1028 2011 Don’t let the 1% left wing opportunists ruin the good cause of the Occupy WS protesters supported by us 99% Main Street capitalists

One thing that has been very hard for many people to figure out is that what the Occupy Wall Street protesters want. The answer could be very simple as nobody really knows what they want and the reason why nobody really knows what they want is that nobody really knows who could be the legitimate voice to represent the entire OWS protesters. You would get a very different answer every time you bump into one of them.

Squeaky wheels either get some oil or they get ear plug treatments. Without knowing exactly where the squeaky sound comes from, it seems most people just put on their ear plugs. I wonder why this could be an advantage for the OWS protestors that some of the OWS protestors have been trying to tout.

Without some specific goals and/or executable methods, the movement could potentially render itself to the exploitation by the extreme opportunists for a short cut ideological change. Somebody may have to come up with a way to organize them soon in order to rid the movement of these potential harmful abuses by the destructive extremists. Otherwise squeaky wheels may soon become flat tires that could paralyze our country’s economy.

Other economic pundits have predicted that this Occupy Wall Street movement might run out of steam before it gets to achieve anything significant. Personally I am not sure about it as most likely these people who made those comments did so right after they returned back from a shopping trip or from a business lunch in an expensive restaurant. While they got their living necessity fulfilled on schedule, the protestors’ situation has not change and would not change in the foreseeable future. It does not seem that the protestors would stop until they get what they need, let alone what they want, when they figure out what it is later. That sounds like a perfect hot bed for the left wing extremists.

The OWS protestors could have started out with a good cause to fight against the inequality from the abuses and abusers in our capitalistic society but if nothing drastic is done to fix the incompetent government leadership in DC and the crony establishments on Wall Street soon to correct the situations, something bad to our country would very likely evolve from here.

What PeoplesAlly Foundation’s efforts aim for is trying to provide the disadvantaged working class people in our capitalistic economic society some additional free market based choices specifically created for them to stand up and unite to fix the faulty and abused system before they get to resort to toggling between the conventional ideological switches.

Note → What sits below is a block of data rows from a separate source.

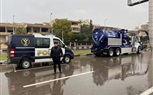  ملحمة وطنية يعزفها رجال الداخلية لمواجهة  إعصار التنين 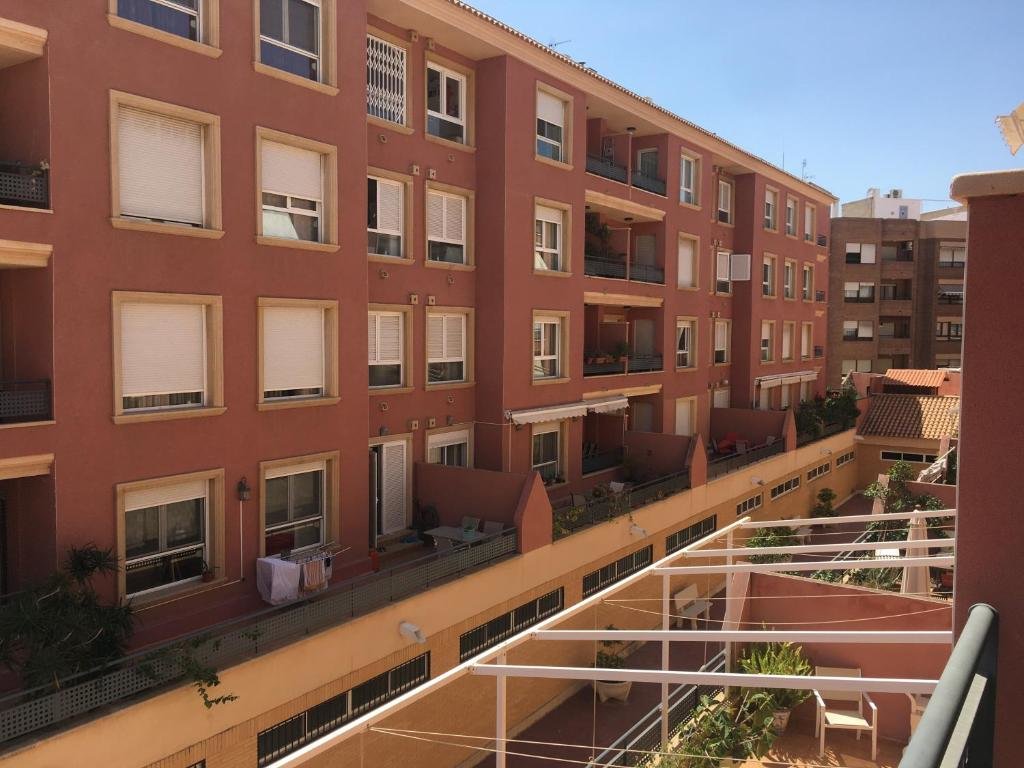 Apartamento De 4 Dormitorios Muy Centrico En San Juan Pueblo A Tan Solo 2 5 Km De La Playa De San Juan Y Muchavista 17982482 — San Juan De Alicante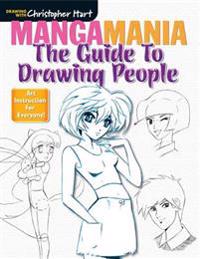 Mangamania - the guide to drawing people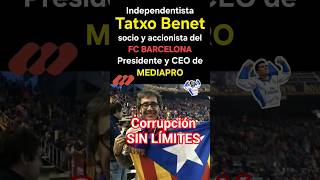Ascolona🤮 #fcbarcelona #mediapro #cta #rfef #negreira #laliga #laporta #realmadrid #barca #catalunya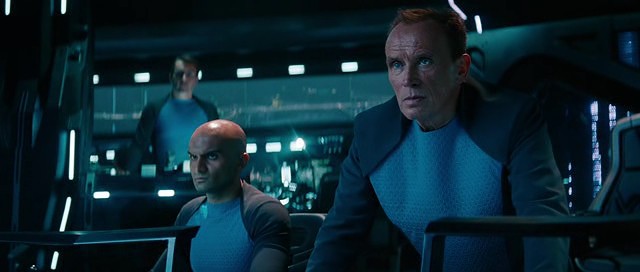 Star Trek: Bilinmeze Doğru Fotoğrafları 308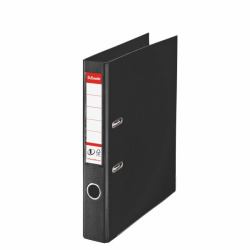 Esselte 811470 carpeta de cartón A4 Negro 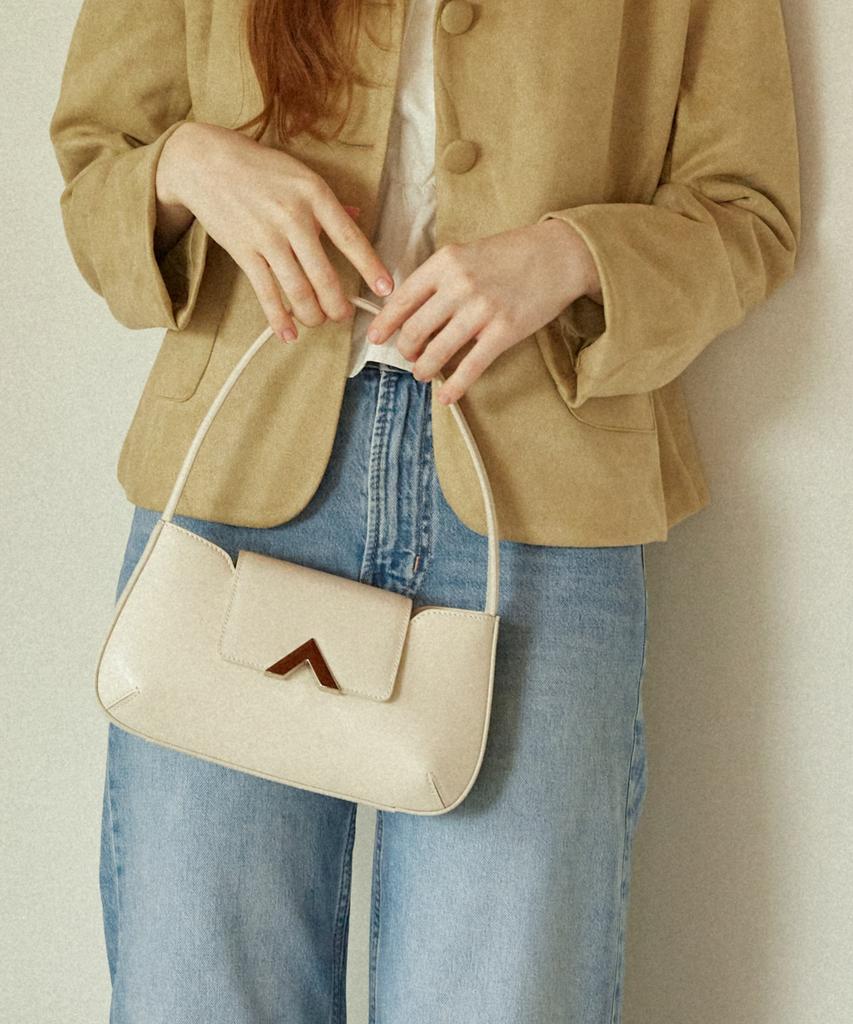 Valluat Vandy Bag_Cream Beige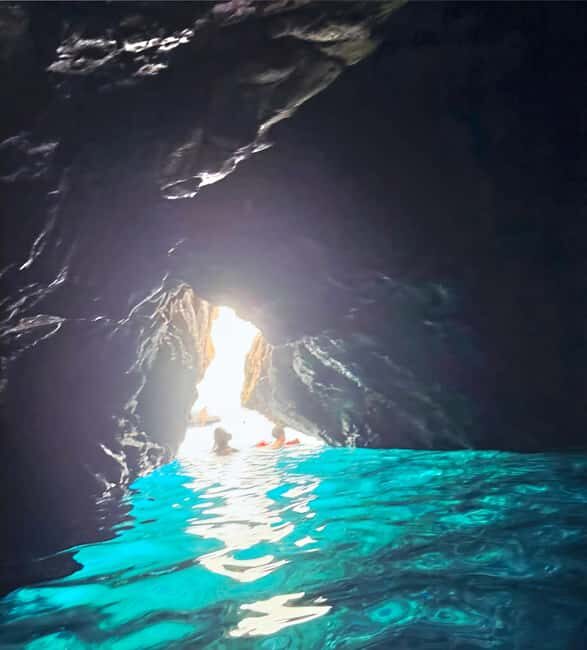 Makarska: 3 island, Cave, Cliffs, Jelsa, Lagoon, Golden Horn - A Full Breakdown of the Tour Experience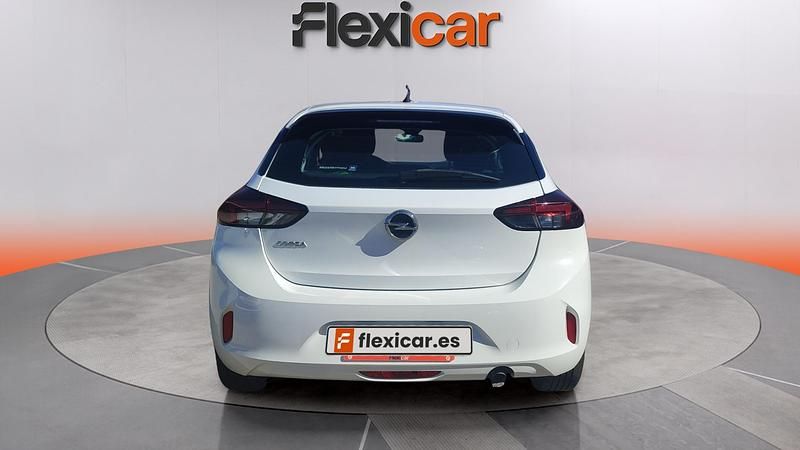 Usado Opel Corsa Edition 75 HP (55 kW) 2022 Branco Citadino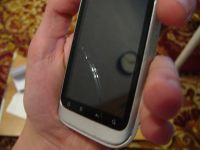 Лот: 3460971. Фото: 6. HTC wildfire s!Полный комплект...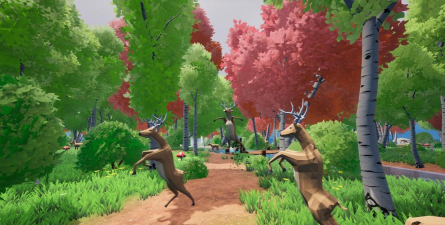 什么游戏比鹿小,寻找更小游戏,发现新乐趣 什么游戏比鹿小,寻找更小游戏,发现新乐趣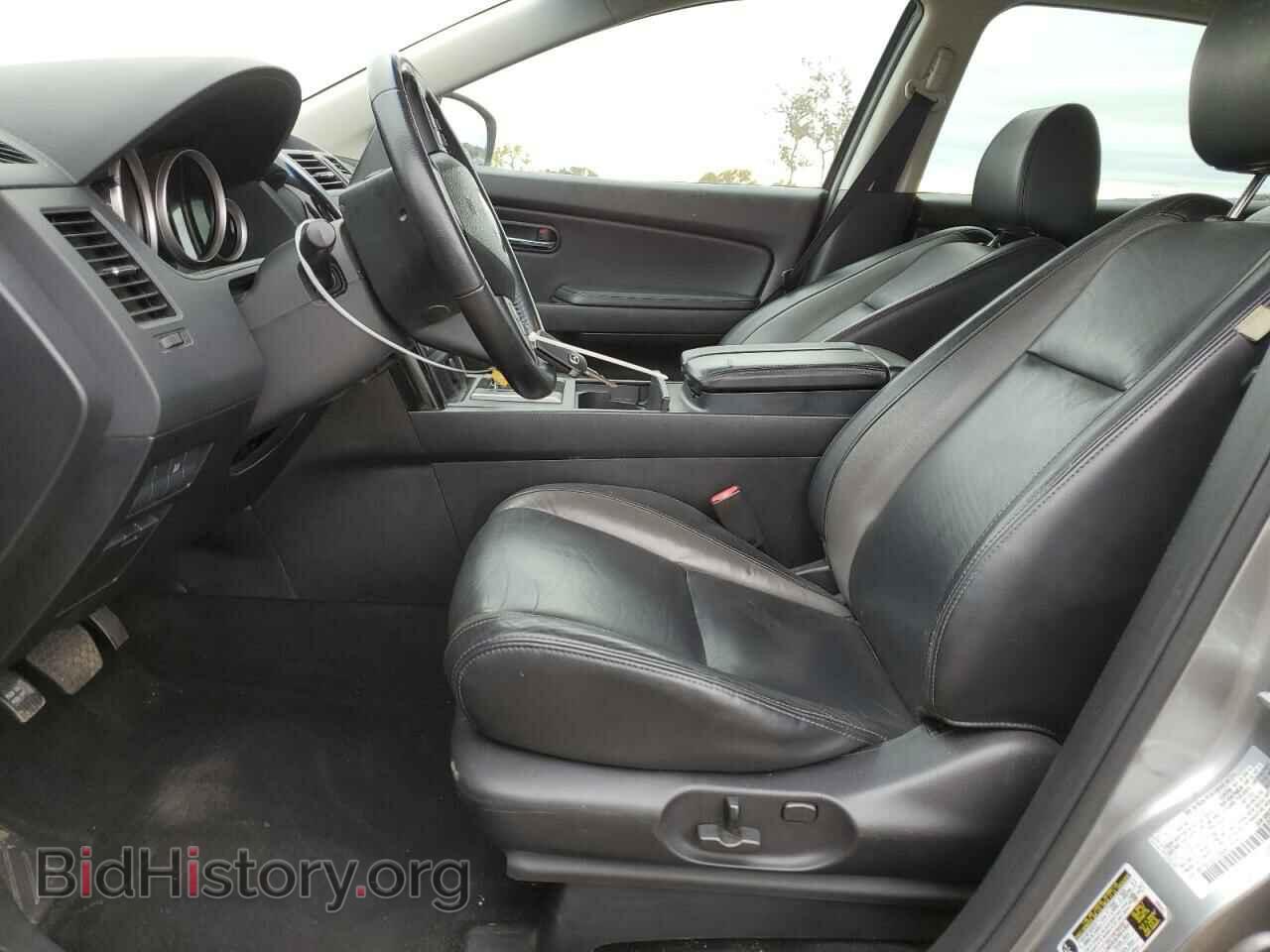 2012 MAZDA CX-9 - VIN: JM3TB2CA2C0339846 - Фото 7
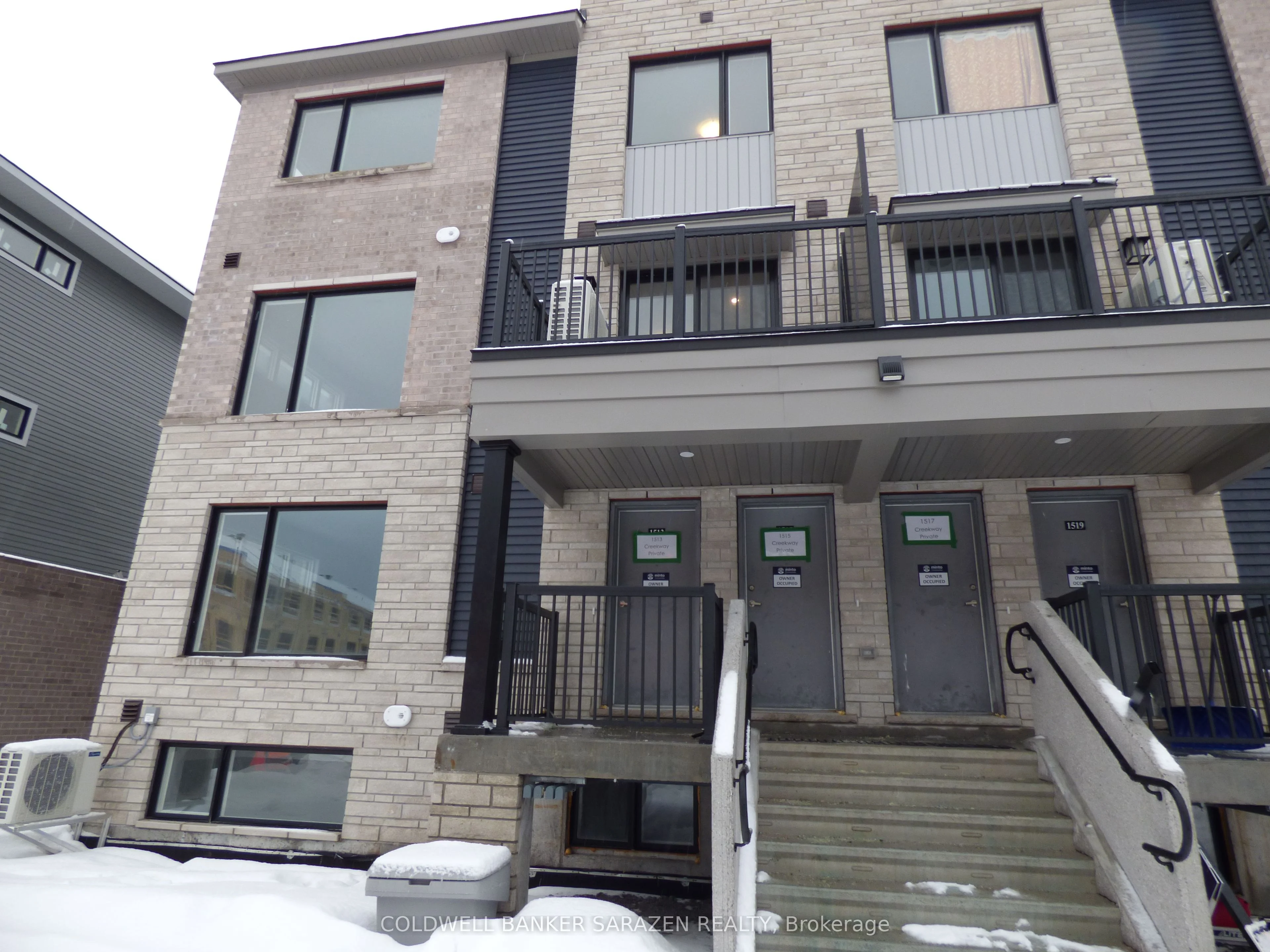 #1 1513 Creekway Private, Kanata, On, K1k 4t6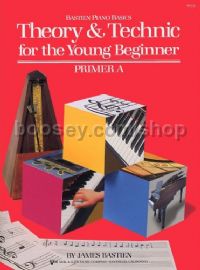 Theory & Techniques for Young Beginner Primer A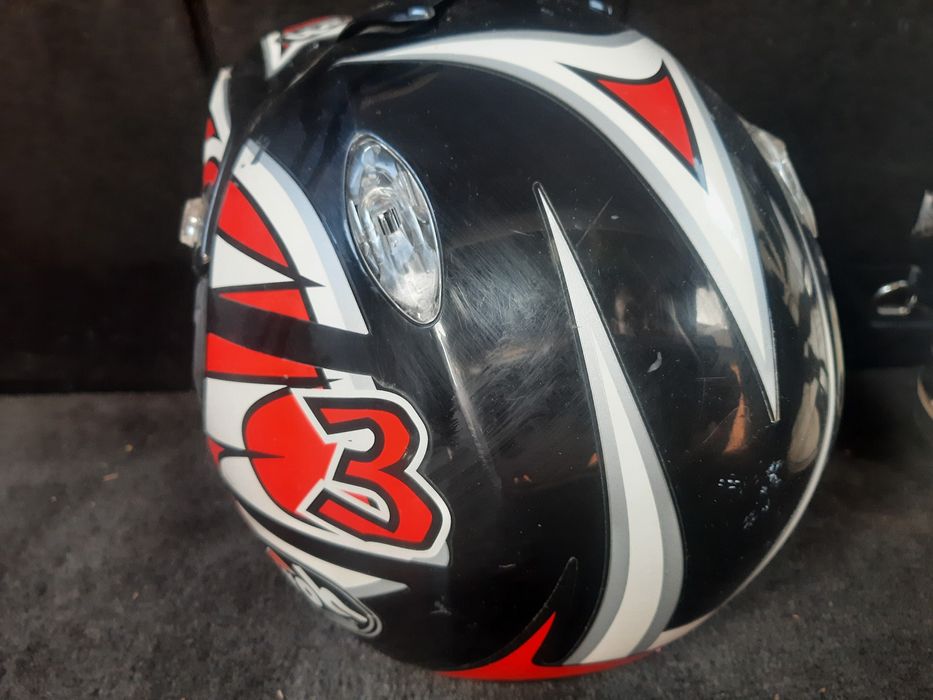 Kask cross Airoh dziecięcy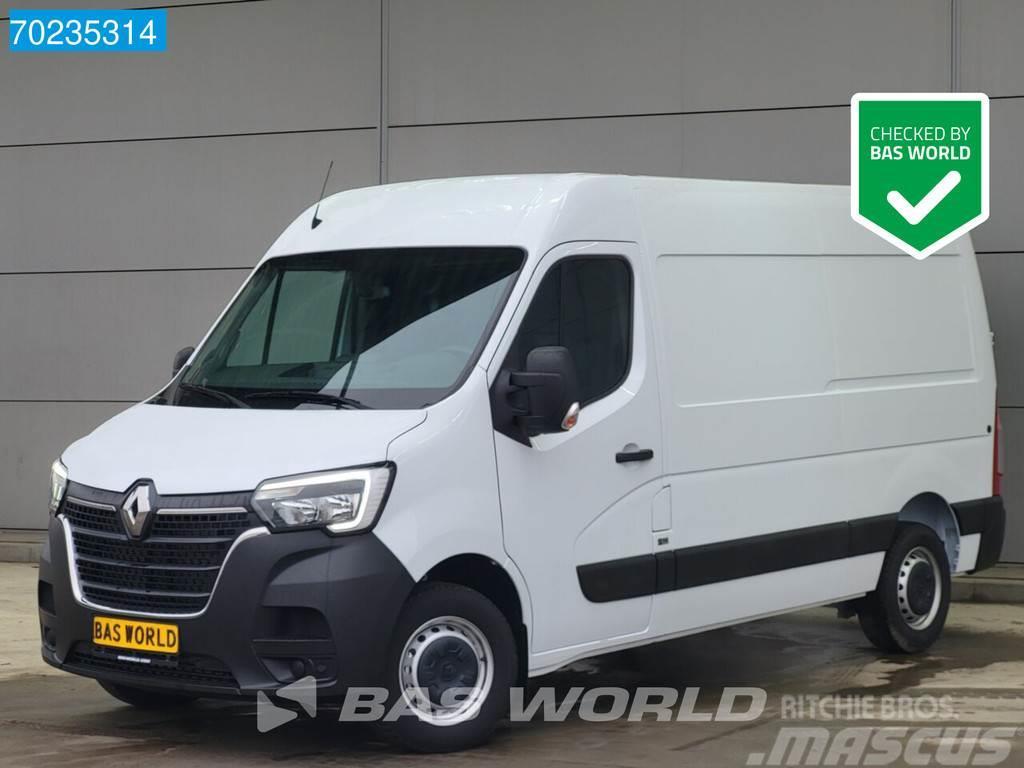 Renault Master 130pk L2H2 Airco Cruise Camera Parkeersenso Utilitaire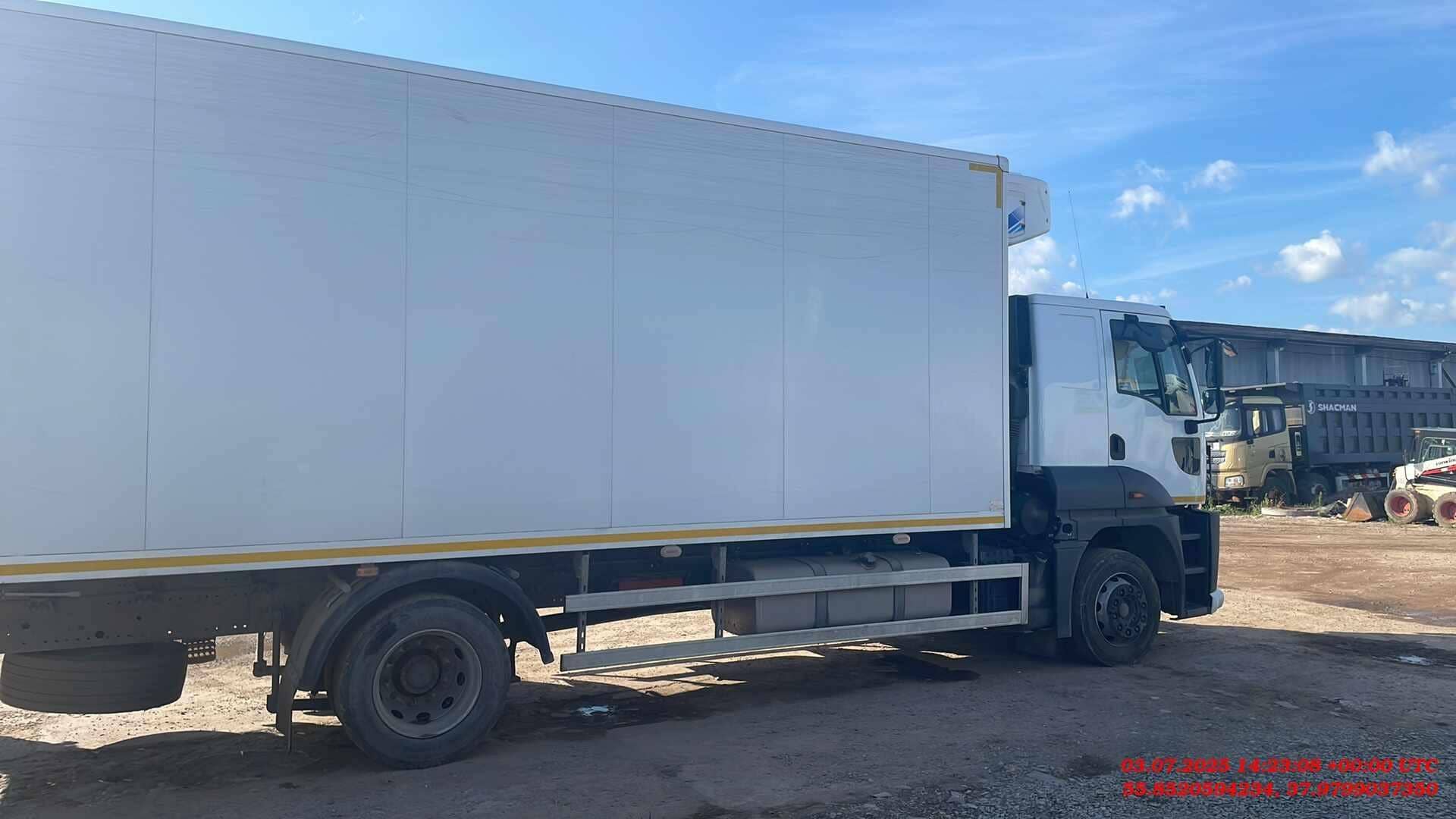 Ford CARGO 1846Т 4x2,  195 365 км, 2023 года в лизинг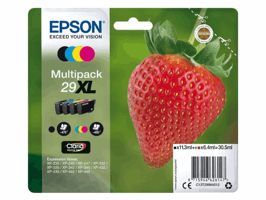 INKCARTRIDGE EPSON 29XL
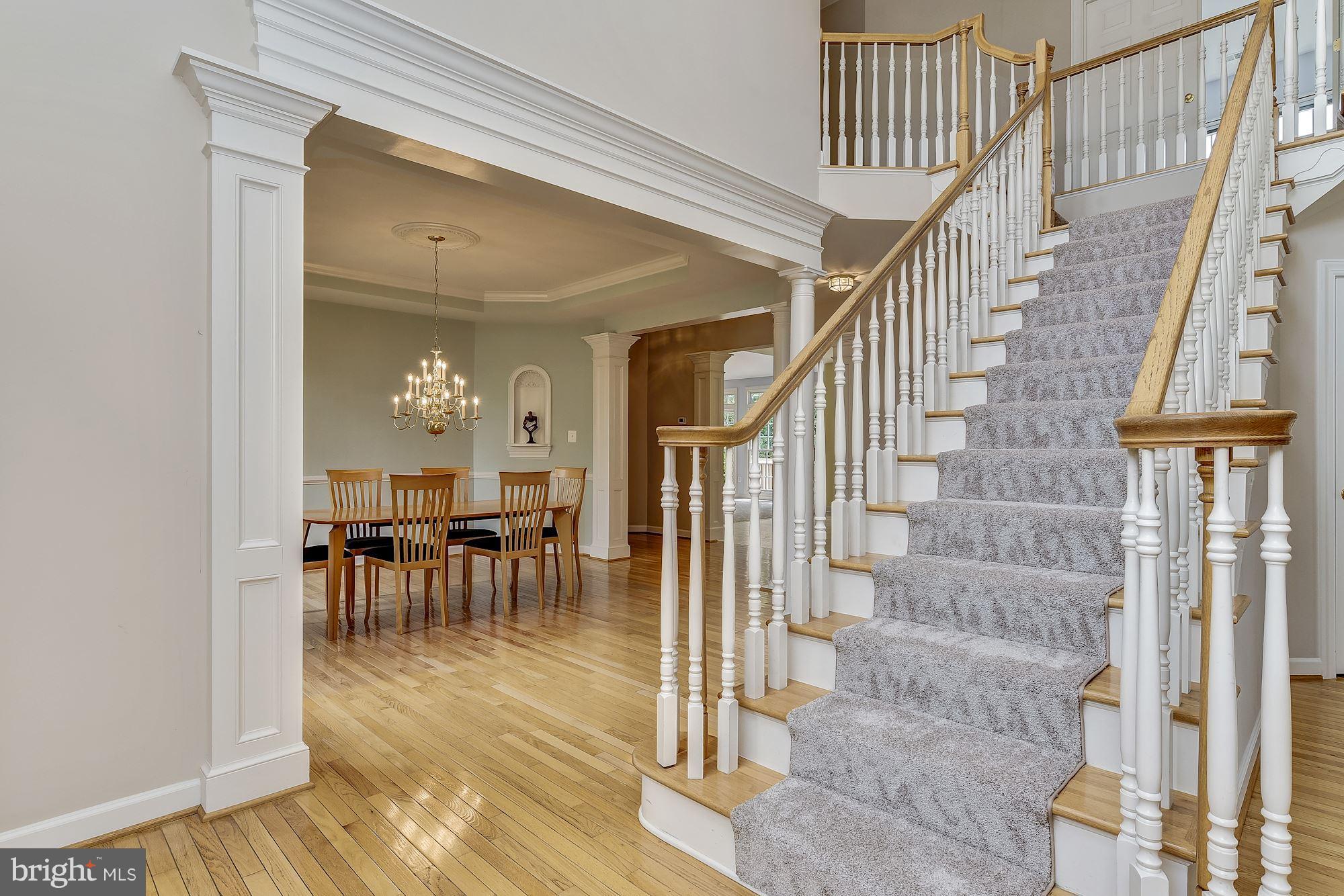 14404 Bubbling Spring Road Boyds, MD 20841 - Photo 2 of 30 Foyer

There could indeed be many other new free market based alternatives brought about from new innovations such as the new equity sharing based home ownership structure of FARJHO, the new peer-to-peer cash flow sharing based housing finance system of SwapRent and the new foreign exchange rate pegging system of TARELV which could bring the economic and political power from the crony hands of Wall Street back to the common people on Main Street. Innovations on our economic policy management systems that is, not the conventional technological gadget inventions that people would normally associate the word “innovation” with.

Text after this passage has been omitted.